Set down, word for word, the line with "Bala Cottage | Cabin ∙ 3 bedrooms ∙ 6 guests" and the lines after it through the final line of the data below, without pictures.

* Extracted data entries
^^^^^^^^
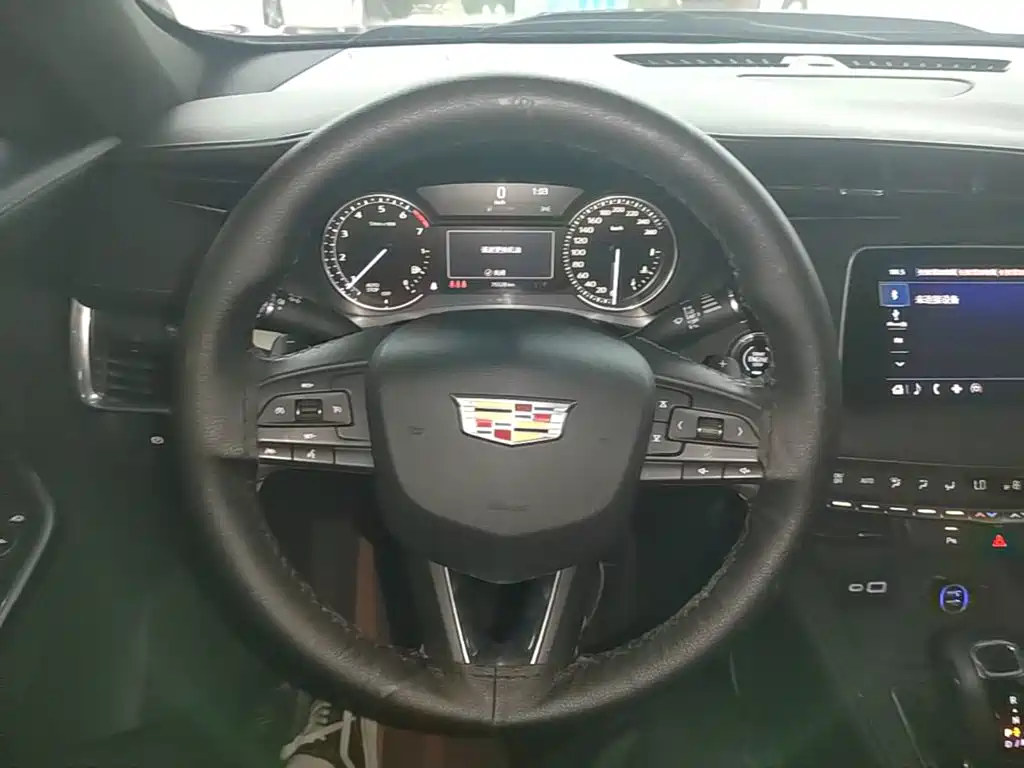 Photo 11 - Cadillac XT4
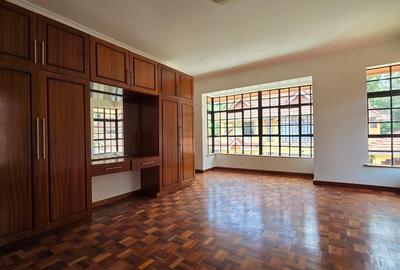 5 Bed House with En Suite in Lavington - 4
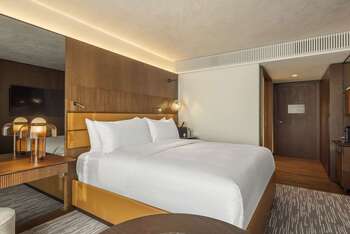 Deluxe 1 King, at Fairmont Golden Prague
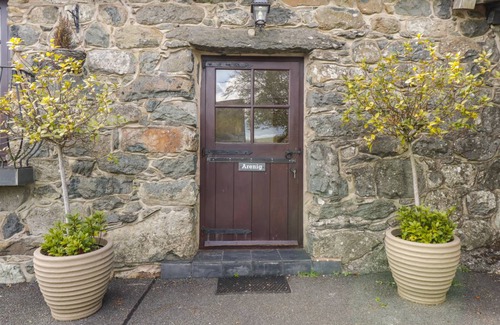 Bala Cottage | Cabin ∙ 3 bedrooms ∙ 6 guests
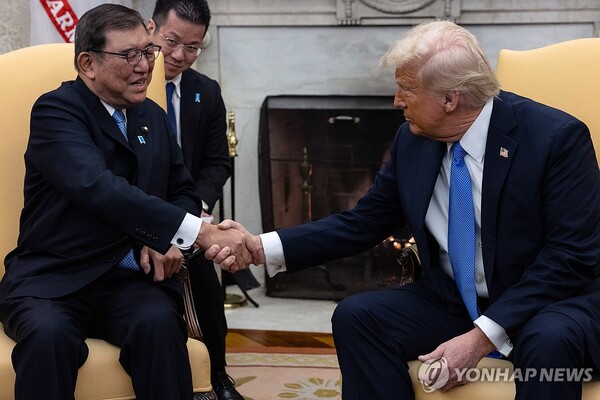 지난 2월 만난 트럼프 미국 대통령(오른쪽)과 이시바 일본 총리. (출처: EPA=연합뉴스)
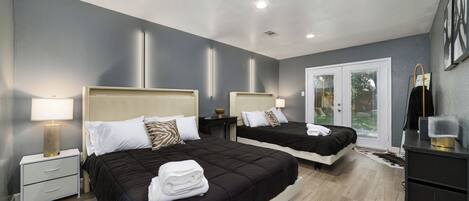 4 bedrooms, iron/ironing board, free WiFi, bed sheets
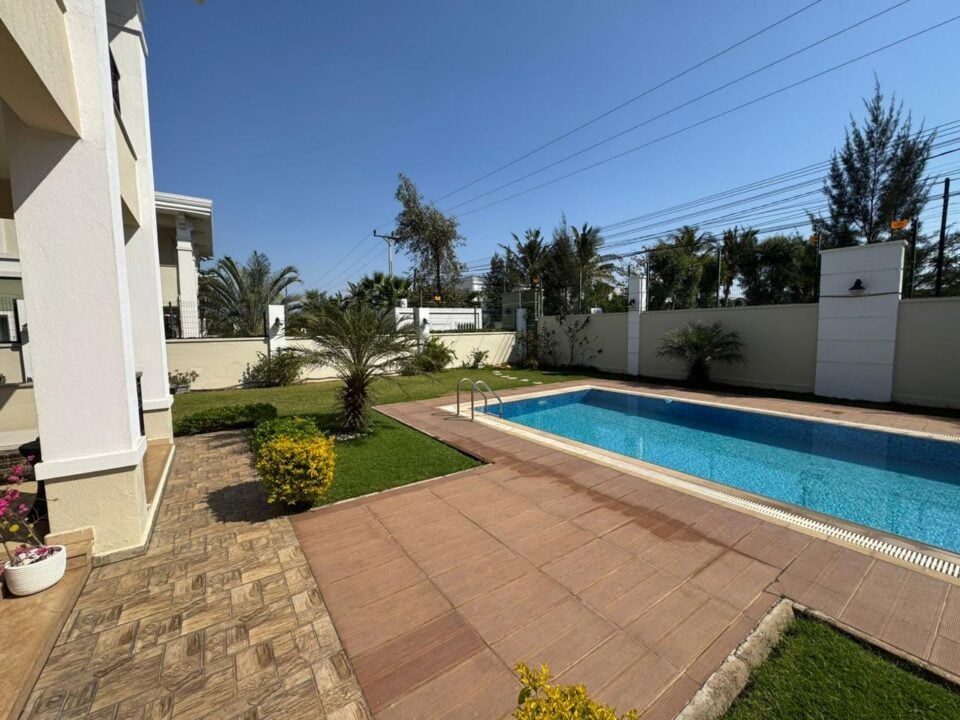 Arrendamento de Luxuosa Moradia T5+1 Mobilada no Condomínio Garden Park Premium, Matola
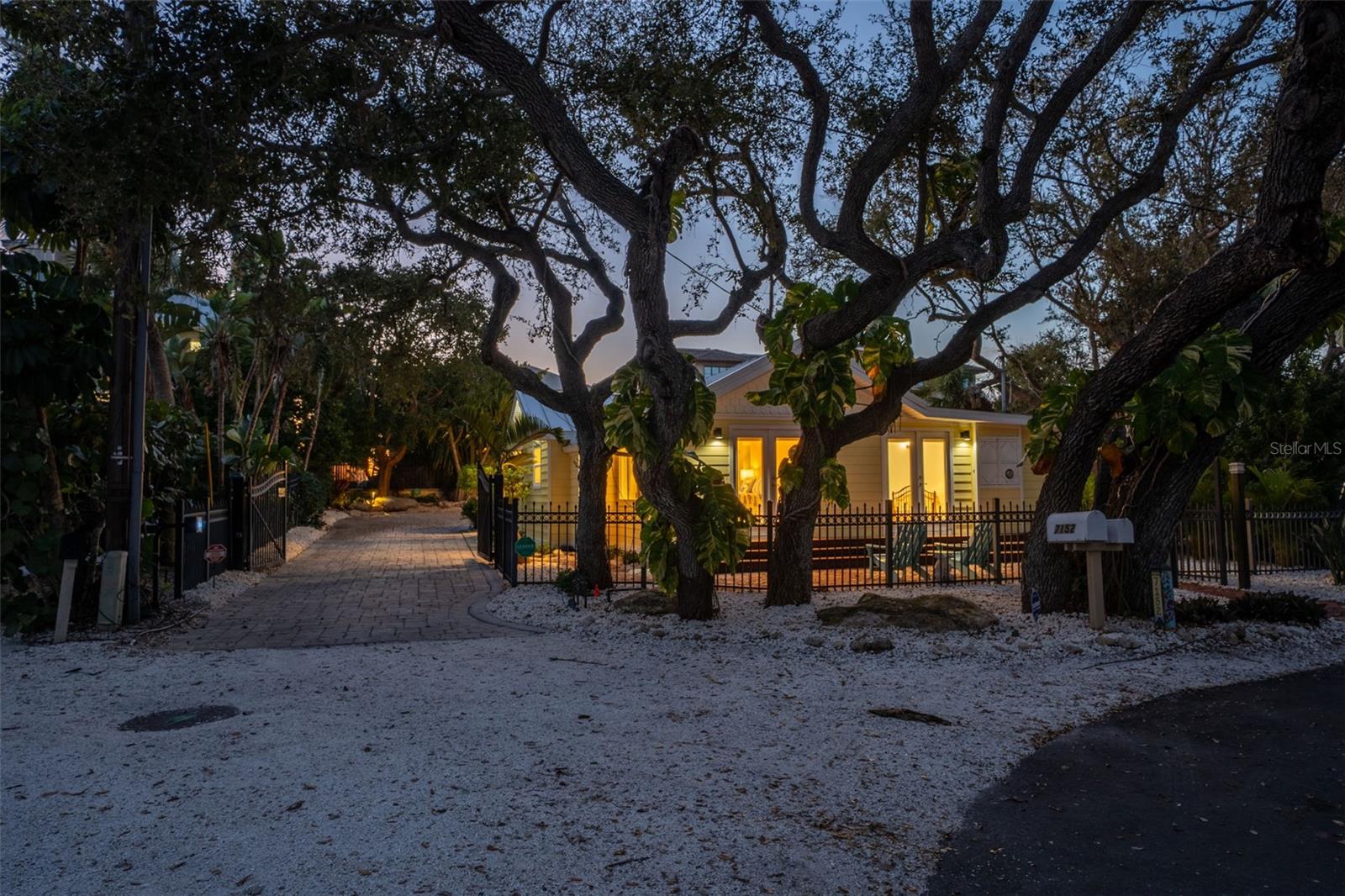 POINT OF ROCKS SUB - Residential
^^^^^^^^
* Reply
 Bala Cottage | Cabin ∙ 3 bedrooms ∙ 6 guests
 지난 2월 만난 트럼프 미국 대통령(오른쪽)과 이시바 일본 총리. (출처: EPA=연합뉴스)
 4 bedrooms, iron/ironing board, free WiFi, bed sheets
 Arrendamento de Luxuosa Moradia T5+1 Mobilada no Condomínio Garden Park Premium, Matola
 POINT OF ROCKS SUB - Residential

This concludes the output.